Monday, August 18, 2014

It's Hard to Participate, I Know All to Well (Post 4 of a Series of Posts)

The following is my fourth post in a series of posts that shows my letter to those members of Congress who voted for ACA.  If you have not read the first post then I encourage you to do so by clicking here and then reading each successive post until you arrive at this one.

The following portion of the letter is my attempt to help the reader have a better understanding of the effects caused by their vote:


Undesirable Options

Added Costs

Because of your vote for ACA we must make some very tough choices, none of which are ideal. We can:

1.     Move to a plan with our present insurance provider that meets the mandates (aka regulations) of the ACA, which is similar to our current plan, but at an increase in premium of approximately $600 per month (a monthly increase of ~130%) to $985 per month and an increase in the annual deductible by $2,500 (an annual increase of 25%) to $12,500;
2.     Purchase one of three plans on the exchange, but even the bare bones plan is more expensive with a higher deductible and less physician choices; or
3.     Forgo insurance, but incur a “tax” (for NOT engaging in ‘commerce’ leaving me to wonder whether the tax will extend to ‘not’ buying a gym membership to stay healthy or to ‘not’ buying catfish or other crops subsidized by the recent farm bill).
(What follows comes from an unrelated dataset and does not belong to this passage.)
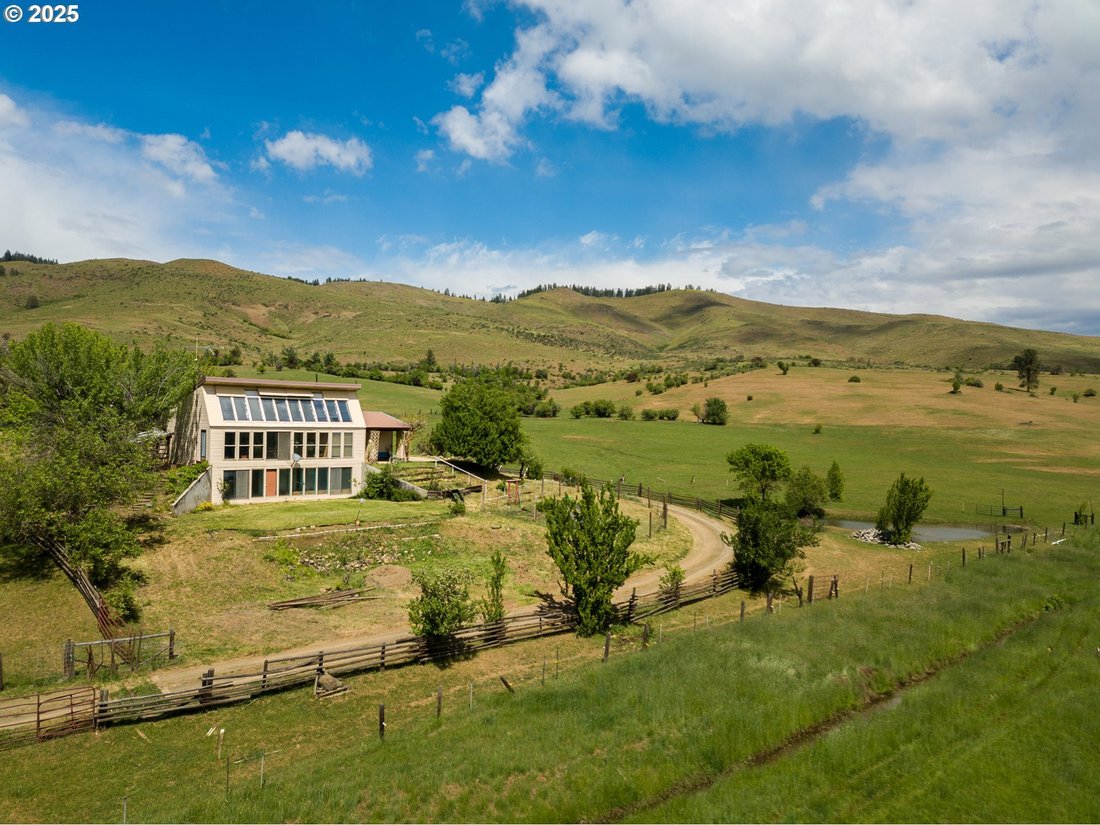 House in Halfway, Oregon, United States 1 - 16754058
Paid By Forgoing Long-term Investments In Oneself

Assuming we do not receive a sizeable increase in pay and if we choose one of the two former options then we must give up something.  Our options are limited because our budget is tight like most Americans. We can:

1.     Stop saving for our retirement and our children’s education, which amounts to approximately a paltry $200/month;
2.     Eat less healthy foods (as we rarely eat out and strive to eat many healthy fresh foods), which could amount to approximately $200/month per a study recently published in the BMJ Open journal;
3.     Drop our family gym membership, which amounts to approximately $100/ month; and/or
4.     Change the after school program for our children to one of lower quality that provides much less enrichment, which could save anywhere from $100 to $400 per month depending upon the risk we are willing to assume.

Friday, August 8, 2014

It's Hard to Participate, I Know All to Well (Post 3 of a Series of Posts)

The following is my third post in a series of posts that shows my letter to those members of Congress who voted for ACA.  If you have not read the first post then I encourage you to do so by clicking here and then reading each successive post until you arrive at this one.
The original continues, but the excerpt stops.